## Task to complete
Produce a faithful copy of the data, one that leaves out the pictures.

## Data shown
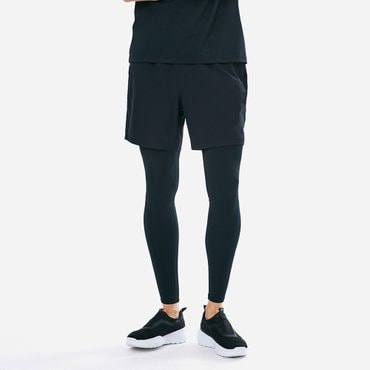배럴 맨 에센셜 9부 레깅스 쇼츠 블랙 (B5SMWLP102BLK)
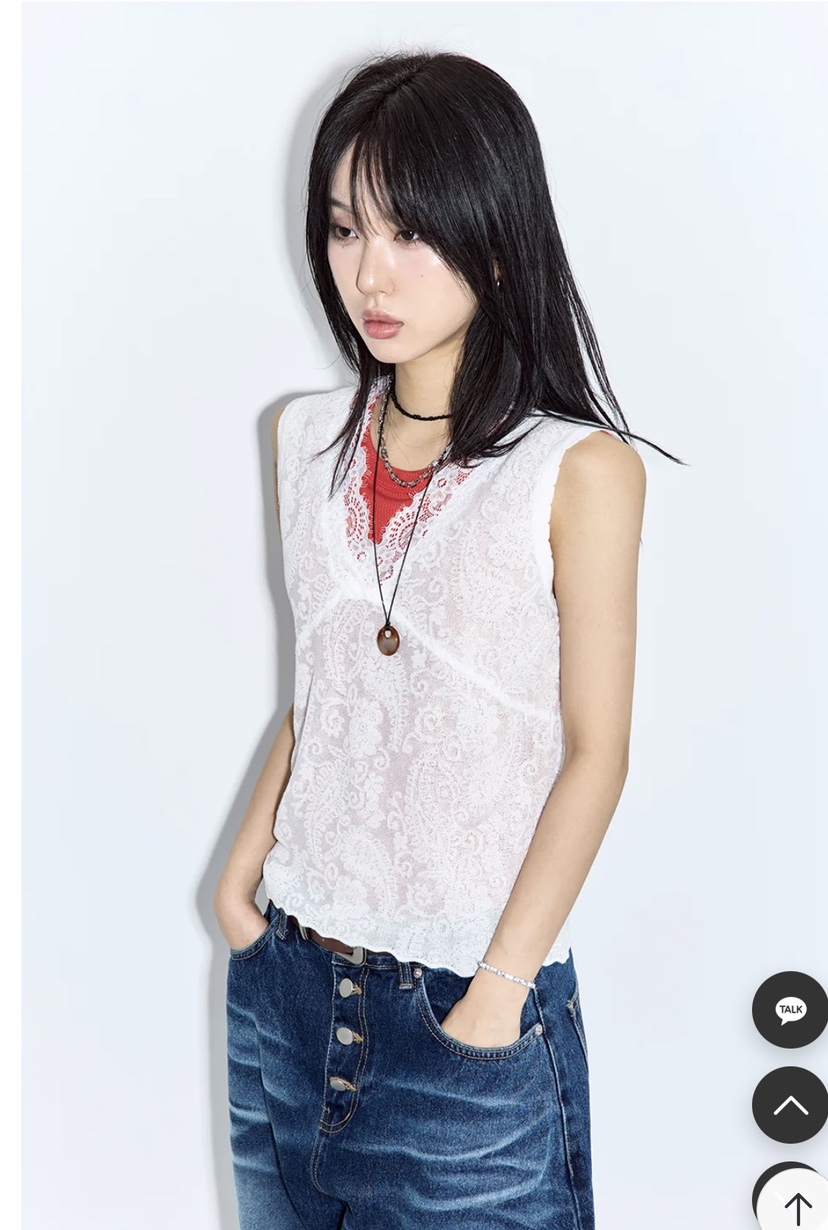T STOR-티스토리-OT韓國直郵實拍女裝新品吊帶背心不含內搭蕾絲T STOR-2件起吊帶/背心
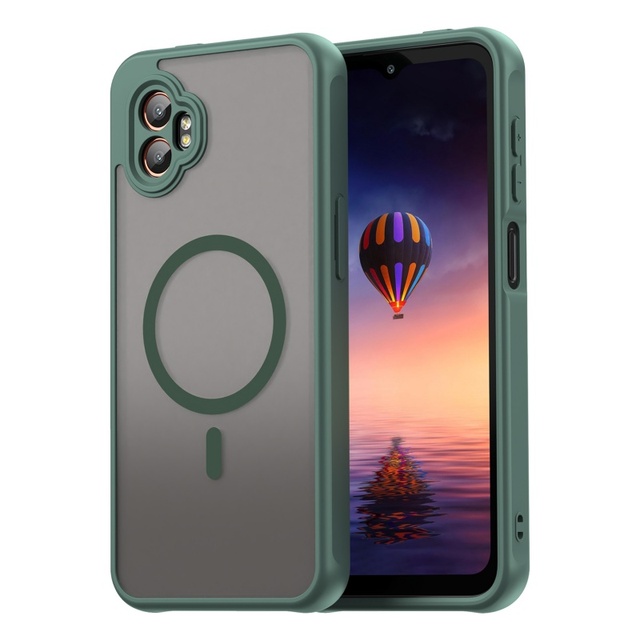 For Samsung Galaxy XCover7 Pro 5G Magnetic Case Slim Clear Matte PC Back Shockproof Protective Wireless Charging Cover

## Result of the task
배럴 맨 에센셜 9부 레깅스 쇼츠 블랙 (B5SMWLP102BLK)
T STOR-티스토리-OT韓國直郵實拍女裝新品吊帶背心不含內搭蕾絲T STOR-2件起吊帶/背心
 For Samsung Galaxy XCover7 Pro 5G Magnetic Case Slim Clear Matte PC Back Shockproof Protective Wireless Charging Cover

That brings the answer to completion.